Hitler was also a big fan and early practitioner of propaganda techniques based on his WWI experience. Using books, news articles, movies, and radio broadcasts, the Nazis worked relentlessly to portray the communists as responsible for all problems in Germany, and a constant threat to freedom and safety. Of course, the communists were doing similar things, because they actually were infiltrating governments, organizing political activity, and plotting to overthrow democratic governments. As with all effective disinformation, just enough truth mixed with lies can be very effective to influence and control public opinion and behavior.


Life in Germany in the 1920s was difficult. The Allies crippled the German economy with sanctions, causing hyperinflation and massive unemployment. Basic living became ruinously expensive. Nazis blamed these hardships on the usual scapegoats of Jews, banks, communists, and foreigners. Then the global economic collapse of 1929 worsened things.

It was in this environment that Hitler sought power. Using their growing control of media, effective propaganda, and air travel to campaign nationwide, successive victories gave them increased representation in the German Parliament. In 1928, they only had 12 seats, then increased to 196 seats by November 1932. The communists had 100 seats. Hitler wanted them out.

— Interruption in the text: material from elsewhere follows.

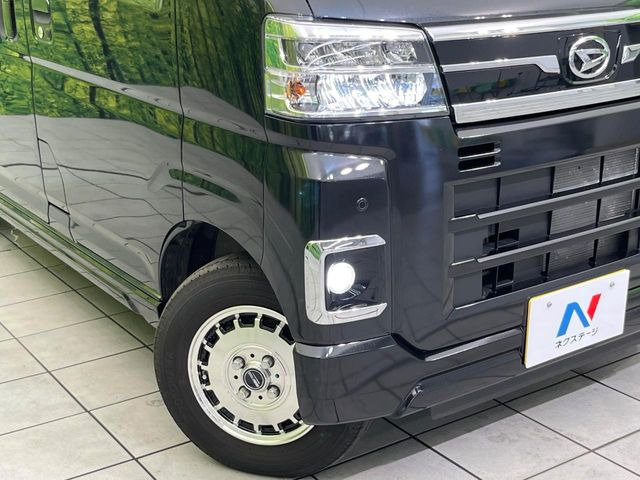 �yLED�w�b�h���C�g�z���V����ԑ��s�����ǍD�Ȏ��E���m�ۂ����S���ĉ^�]�ł��鍂�P�xLED�w�b�h���C�g�𑕔�!�_�����x�������A����d�͂��}�����Ă��܂��B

Hitler ran for president against Hindenburg in 1932 and lost, but because the Nazis had so many seats in Parliament, he maneuvered his way into being appointed chancellor in January 1933, a deal which conservative politicians thought would contain and control him. This gave Hitler some legitimate control of the government, but he wanted more.

The German constitution had a provision called The Enabling Act which gave the chancellor almost unlimited power to deal with a specific emergency. As soon as he became chancellor, Hitler pressured Hindenburg to institute the Enabling Act, but he needed two-thirds of the vote in Parliament and the Nazis only controlled one-third. He convinced Hindenburg to dissolve Parliament and set new elections for March. Hitler immediately campaigned for the Enabling Act, arguing to the German people they needed the communists out because they were destroying the country, and the Nazis needed a two-thirds majority to get the Enabling Act. This was all a month before the fire, and he told the German voter exactly what he intended to do.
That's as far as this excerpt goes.